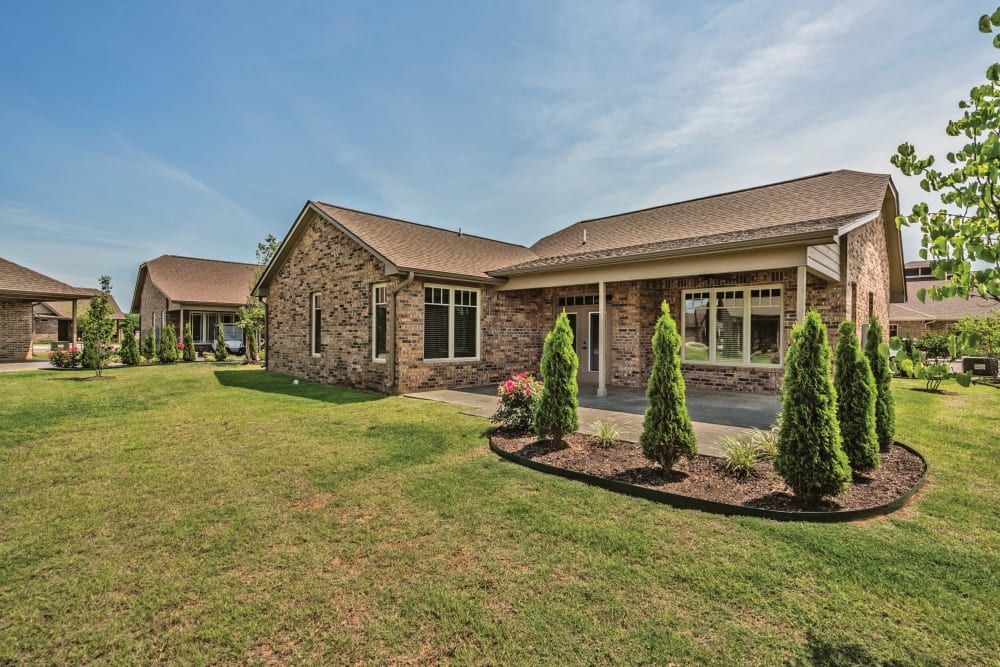 Beautiful brick house with well-maintained landscaping and a green lawn.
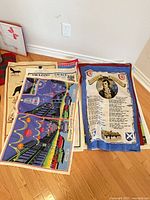 Stack of printed Scottish wall hangings on floor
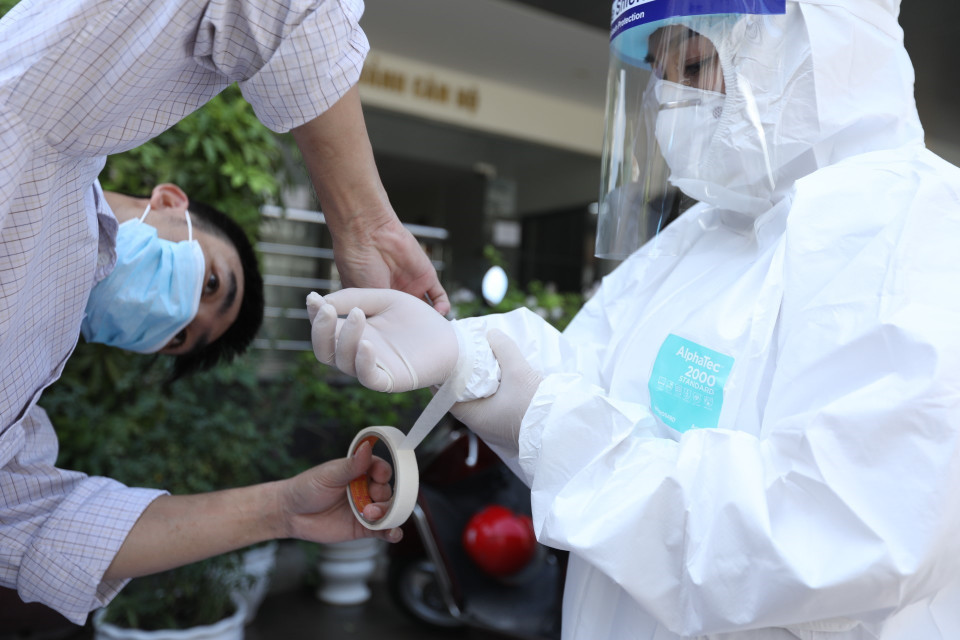 Những người liên quan ca mắc mới được nhân viên Trung tâm y tế quận Thanh Xuân lấy mẫu xét nghiệm.(Ảnh: Minh Quyết/TTXVN)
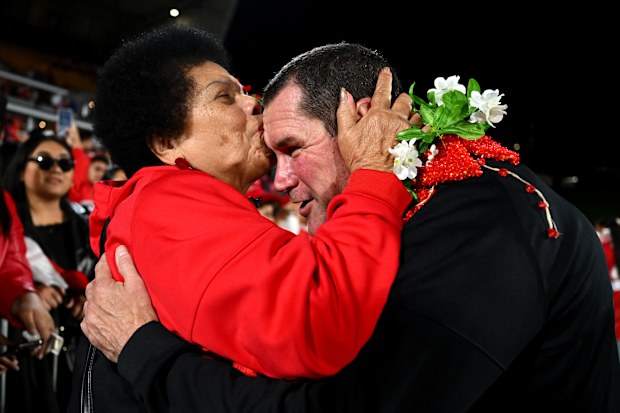 Tonga's head coach Kristian Woolf celebrates with a fan triumphing over New Zealand in the Pacific Championships.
= = = =
- _Required work_: Leave the pictures out and reproduce exactly the lines from the line with "Stack of printed" to the end of the material above.

- _Written response_:
 Stack of printed Scottish wall hangings on floor
 Những người liên quan ca mắc mới được nhân viên Trung tâm y tế quận Thanh Xuân lấy mẫu xét nghiệm.(Ảnh: Minh Quyết/TTXVN)
 Tonga's head coach Kristian Woolf celebrates with a fan triumphing over New Zealand in the Pacific Championships.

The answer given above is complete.